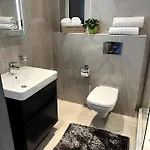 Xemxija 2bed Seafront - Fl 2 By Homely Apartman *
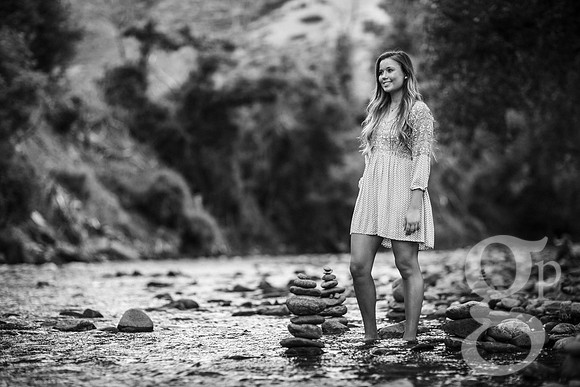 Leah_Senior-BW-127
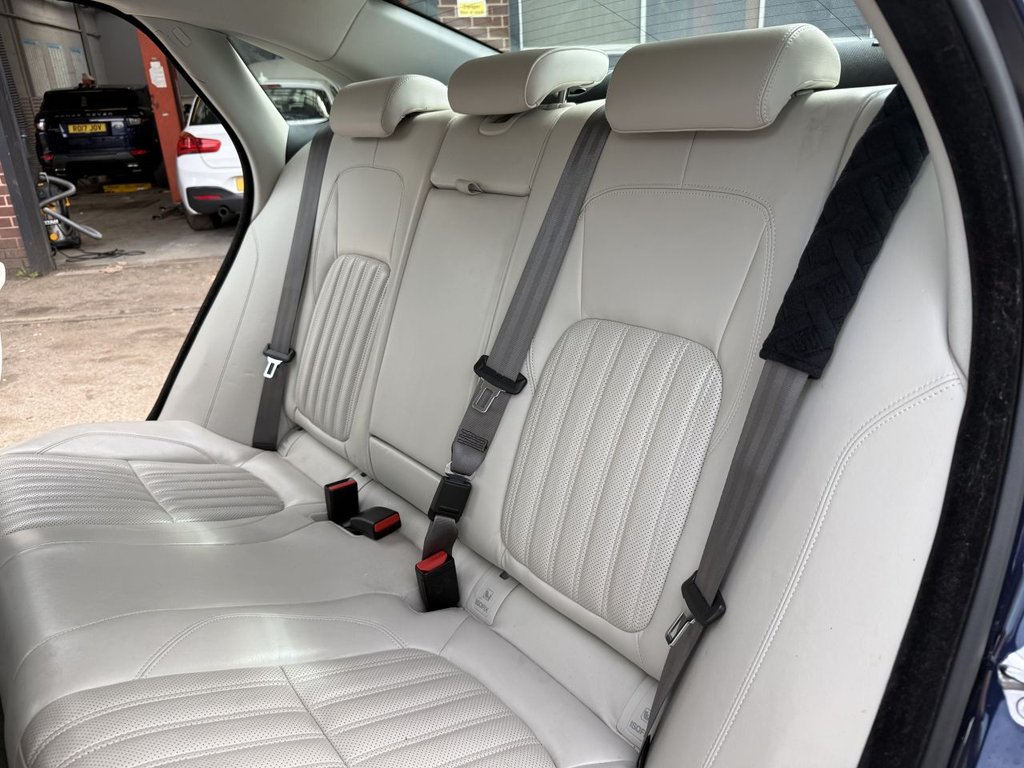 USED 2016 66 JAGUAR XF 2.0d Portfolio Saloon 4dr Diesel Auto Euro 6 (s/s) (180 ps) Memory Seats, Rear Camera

◇ ◇ ◇ ◇ ◇ ◇ ◇

* **EXERCISE INSTRUCTIONS**:
Copy out the listing exactly as it stands, but not the pictures.

* **OUTPUT FOR THIS EXERCISE**:
 Xemxija 2bed Seafront - Fl 2 By Homely Apartman *
 Leah_Senior-BW-127
 USED 2016 66 JAGUAR XF 2.0d Portfolio Saloon 4dr Diesel Auto Euro 6 (s/s) (180 ps) Memory Seats, Rear Camera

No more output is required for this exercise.